Many people do well managing their own investments, but it does take time and research. You can get started with a brokerage account and stick to easy instruments like index funds and ETFs that generally trend upward over time. Another option is to work with a financial advisor to build a strategy customized for your needs.
The stability and flexibility of a savings account is hard to beat.
Tips for Maximizing Your Savings Account
Other savings tools may offer higher interest rates, but the stability and flexibility of a savings account is hard to beat. And with a solid savings strategy in place, you can get a lot out of your savings account. Here’s how:
Automate Your Savings
You’re more likely to save regularly if you don’t even have to think about it. Use direct deposit or set up automatic transfers from checking to ensure money goes into your savings every payday. You’ll get used to living without that amount, and you’ll have it in savings before you forget or temptation strikes.
Use direct deposit or set up automatic transfers from checking to ensure money goes into your savings every payday.
Set a Savings Goal
Knowing what you’re saving for is a big incentive to actually save. Use a spreadsheet or app to track your progress and stay motivated. Set calendar reminders to check in regularly and find ways to celebrate savings milestones.
Regularly Review Your Budget
Saving should be a line in your budget, not just what happens when you have something leftover after bills are paid. It’s good practice to review your budget at regular intervals — weekly, monthly, or quarterly depending on your needs. When you review your budget, look for ways to cut costs and save more.
Is a High-yield Savings Account Worth It?
If you can maintain the minimum required balance, a high-yield savings account could increase your savings balance a lot. After all, the rate on a high-yield account is often 10 to 20 times higher than that of a regular savings account. With compound interest, the difference over ten years could be substantial.

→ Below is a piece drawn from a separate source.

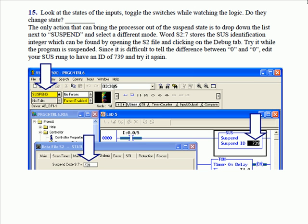We're still in the suspend state. Look at the states of the inputs. Toggle the switches while watching the logic. Do they change state? No. The only action that can bring the processor out of the suspend state is to drop down the list next to suspend and select a different mode. Word S2 colon 7 stores the suspend identification integer which can be found by opening the S2 file and clicking on the debug tab. Try it while the program is suspended. Since it is difficult to tell the difference between 0 and 0, edit your suspend rung to have an ID of 739 and try it again. In other words, don't leave the suspend code 0. You can't tell whether it did anything or not. So put something in there that you recognize.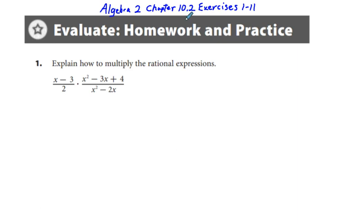For chapter 10.2, exercises 1 through 11, I'm going to go over these odd number problems: 1, 3, 5, 7, 9, 11.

Let’s look at an example. Say you open a savings account with $500 and continue contributing $50 at the end of each month. The account offers an interest rate of 0.25% compounded monthly. In ten years, you would have saved $6,500.00 and earned $87.64 in interest, for a total of $6,587.64.
How much more would you earn with a high-yield account? Assume everything stays the same, except this time your account has a rate of 4.00%. Now at the end of ten years you’ll have earned $1,607 in interest, for a total of $8,107.91.
If you can maintain the minimum required balance, a high-yield savings account could increase your savings balance a lot.
How to Open a Savings Account
Once you’ve done your homework and compared different accounts and financial institutions, opening a savings account is simple. Again, be sure to look at the APY (not just the interest rate), consider any fees, and make sure the bank or credit union has positive reviews.
Next, get your paperwork together. Different institutions may require different documentation, but generally you’ll need:
A government-issued ID such as a driver’s license or passport
Your Social Security number
Proof of address
Phone number and email address
Many banks and credit unions allow people to open savings accounts online, but you can open an account in person at a local branch if you prefer. Make sure you have your opening balance ready to deposit.
Once your account is open, set up your account online or through the financial institution’s mobile app so you can easily manage your account. You’ll likely need access through their website or app to view your balance, move money, set up automatic transfers, and track your savings progress. Be sure you store your login credentials safely.
The Takeaway
A savings account is the Swiss Army knife of financial tools. Whether you’re looking to improve cash flow, warding off debt, or building for the future, the right savings account will get you there.